Yoon called to "create a Republic of Korea of freedom, peace, and prosperity together with a correct view of history, a responsible view of the nation and a clear view of security."
 
He was the first president to attend the ceremony for two consecutive years.
 
President Yoon Suk Yeol, front row center, poses for a commemorative photo during a ceremony marking the 71st anniversary of the founding of the Korean Veterans Association at Olympic Hall in Songpa District, southeastern Seoul, Wednesday. [JOINT PRESS CORPS]

President Yoon Suk Yeol, front row center, poses for a commemorative photo during a ceremony marking the 71st anniversary of the founding of the Korean Veterans Association at Olympic Hall in Songpa District, southeastern Seoul, Wednesday. [JOINT PRESS CORPS]

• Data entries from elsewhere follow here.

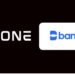 C-One to acquire Bankly Microfinance Bank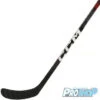 Monobloc CCM Jet Speed FT6 Pro Intermediaire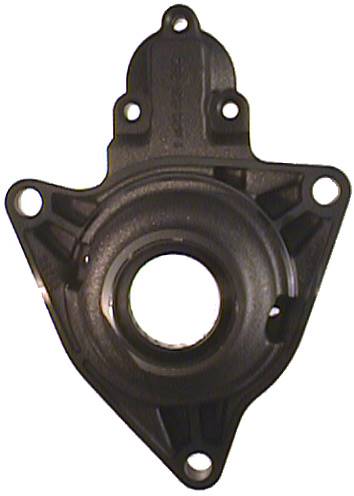 137630 Głowica rozrusznika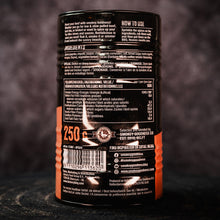 Load image into Gallery viewer, 11362 Smokey Goodness BBQ Rub Beefalicious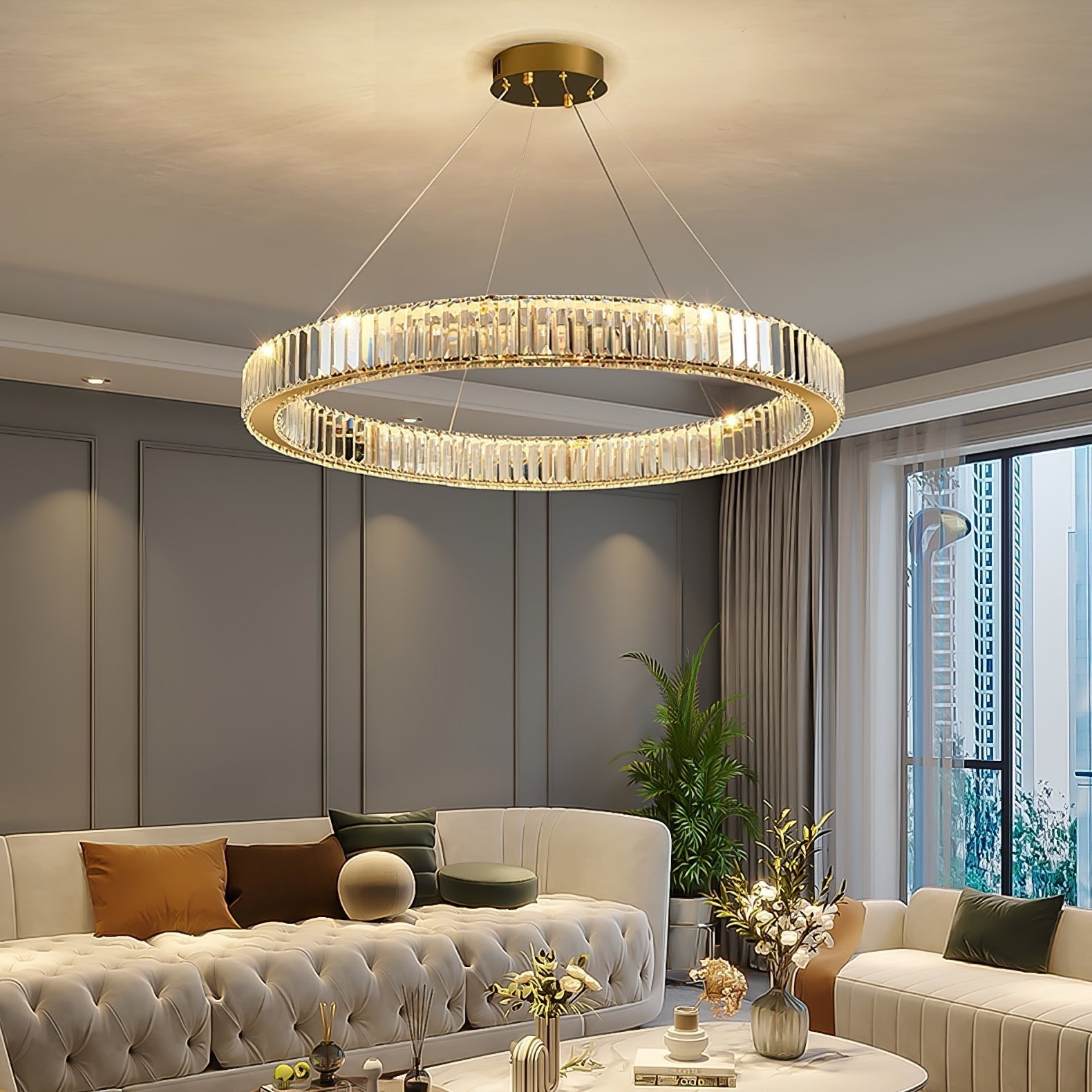 bertolda-chandeliers-anzaz--38
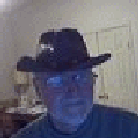 Terry Hogan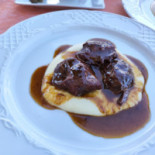La Cepa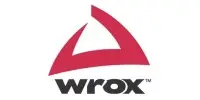 Wrox Coupon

Later Wednesday, Yoon and first lady Kim Keon Hee invited some 240 former miners, nurses and nursing assistants dispatched to Germany for a luncheon meeting to honor their contributions to the country's progress decades ago.
 
The event was held to commemorate the 60th anniversary of the first batch of Korean nurses and miners being dispatched to Germany and the 140th anniversary of the establishment of diplomatic relations between Korea and Germany.
 
"The sweat and dedication of all of you here have played a huge role in the process of Korea achieving remarkable growth and prosperity based on liberal democracy and a market economy, Yoon said.
 
He noted that in the 1960s and 1970s, South Korea achieved the so-called Miracle on the Han River "through foreign cash sent by some 20,000 miners and nurses sent to Germany, thousands of miles away, as seed money."
 
This marks the first time that a president has separately hosted workers dispatched to Germany for such a meeting.
 
Former President Moon Jae-in, in turn, said it is "time to join forces in peace again" as he marked the 16th anniversary of the Oct. 4 inter-Korean Joint Declaration signed by then South Korean President Roh Moo-hyun and then North Korean leader Kim Jong-il at the 2007 inter-Korean summit.
 
"Tensions on the Korean Peninsula are increasing with the intensifying confrontation in the international order, and I am very worried because there is no end in sight and there is no effort for dialogue," Moon wrote on his Facebook page Wednesday morning.
 
He stressed that the Oct. 4 declaration envisioned "a grand ambition that embodies the hopes of our people and a concrete goal that can be fully achieved if South and North Korea have the will to implement it."
 
Moon said that there had been "a long gap and regression after that historic declaration," but "the people's wish for peace was revived" through his administration's April 27 Panmunjom Declaration and the Sept. 19 Pyongyang Joint Declaration in 2018, "bringing us one step closer to that desired goal."